St. Augustine - The City of God:
“The same divine law which forbids the killing of a human being allows certain exceptions, as when God authorizes killing by a general law or when He gives an explicit commission to an individual for a limited time. Since the agent of authority is but a sword in the hand, and is not responsible for the killing, it is in no way contrary to the commandment, “Thou shalt not kill” to wage war at God’s bidding, or for the representatives of the State’s authority to put criminals to death, according to law or the rule of rational justice.”
Pope Innocent III -
“The secular power can, without mortal sin, exercise judgment of blood, provided that it punishes with justice, not out of hatred, with prudence, not precipitation.”
Council of Trent
Another kind of lawful slaying belongs to the civil authorities, to whom is entrusted power of life and death, by the legal and judicious exercise of which they punish the guilty and protect the innocent. The just use of this power, far from involving the crime of murder, is an act of paramount obedience to this Commandment which prohibits murder. The end of the Commandment? is the preservation and security of human life. Now the punishments inflicted by the civil authority, which is the legitimate avenger of crime, naturally tend to this end, since they give security to life by repressing outrage and violence.
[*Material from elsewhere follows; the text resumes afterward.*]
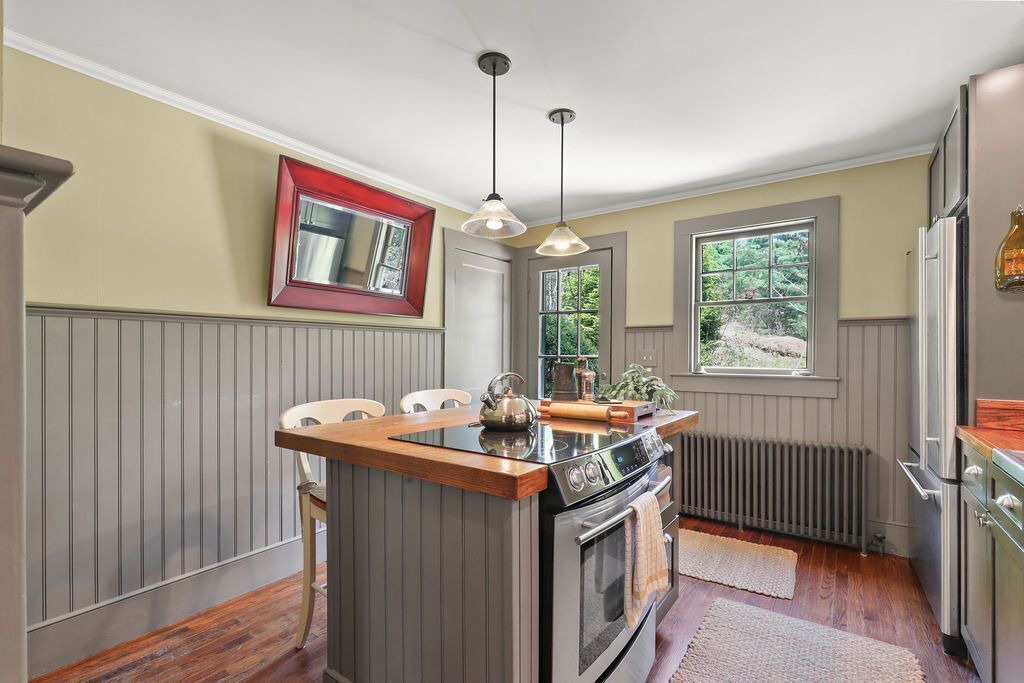 Photo of Kitchen in Cataumet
Hence these words of David: In the morning I put to death all the wicked of the land, that I might cut off all the workers of iniquity from the city of the Lord.
The “Right” is just proclaiming the Church’s Eternal teachings on Capital Punishment.

The teachings of the Fathers, of previous Popes and of an Infallible Council give the power of Capital Punishment to the Secular Authorities as part of their God given Authority.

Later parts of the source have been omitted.